▸ **Your assignment**
Could you copy each line of the entries that contains "movement"?

(Brief descriptive captions)
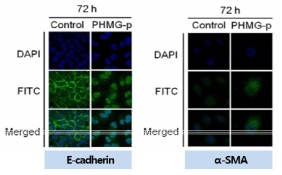 면역형광을 통한 PHMG-p의 상피간엽이행관련 단백질발현 변화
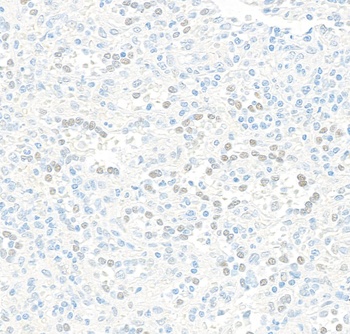 JDP2 Antibody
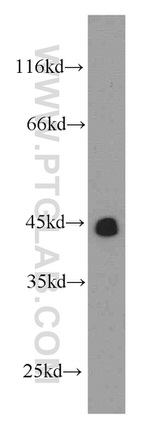 TMX4 Antibody in Western Blot (WB)
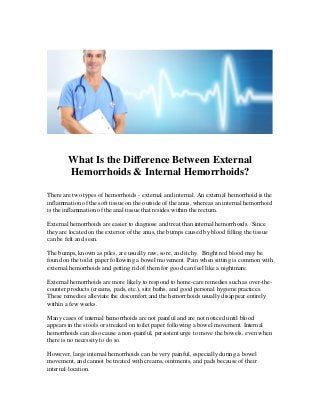 What Is the Difference Between External
Hemorrhoids & Internal Hemorrhoids?
There are two types of hemorrhoids - external and internal. An external hemorrhoid is the
inflammation of the soft tissue on the outside of the anus, whereas an internal hemorrhoid
is the inflammation of the anal tissue that resides within the rectum.
External hemorrhoids are easier to diagnose and treat than internal hemorrhoids. Since
they are located on the exterior of the anus, the bumps caused by blood filling the tissue
can be felt and seen.
The bumps, known as piles, are usually raw, sore, and itchy. Bright red blood may be
found on the toilet paper following a bowel movement. Pain when sitting is common with
external hemorrhoids and getting rid of them for good can feel like a nightmare.
External hemorrhoids are more likely to respond to home-care remedies such as over-the-
counter products (creams, pads, etc.), sitz baths, and good personal hygiene practices.
These remedies alleviate the discomfort and the hemorrhoids usually disappear entirely
within a few weeks.
Many cases of internal hemorrhoids are not painful and are not noticed until blood
appears in the stools or streaked on toilet paper following a bowel movement. Internal
hemorrhoids can also cause a non-painful, persistent urge to move the bowels, even when
there is no necessity to do so.
However, large internal hemorrhoids can be very painful, especially during a bowel
movement, and cannot be treated with creams, ointments, and pads because of their
internal location.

▸ **Task solution**
found on the toilet paper following a bowel movement. Pain when sitting is common with
appears in the stools or streaked on toilet paper following a bowel movement. Internal
movement, and cannot be treated with creams, ointments, and pads because of their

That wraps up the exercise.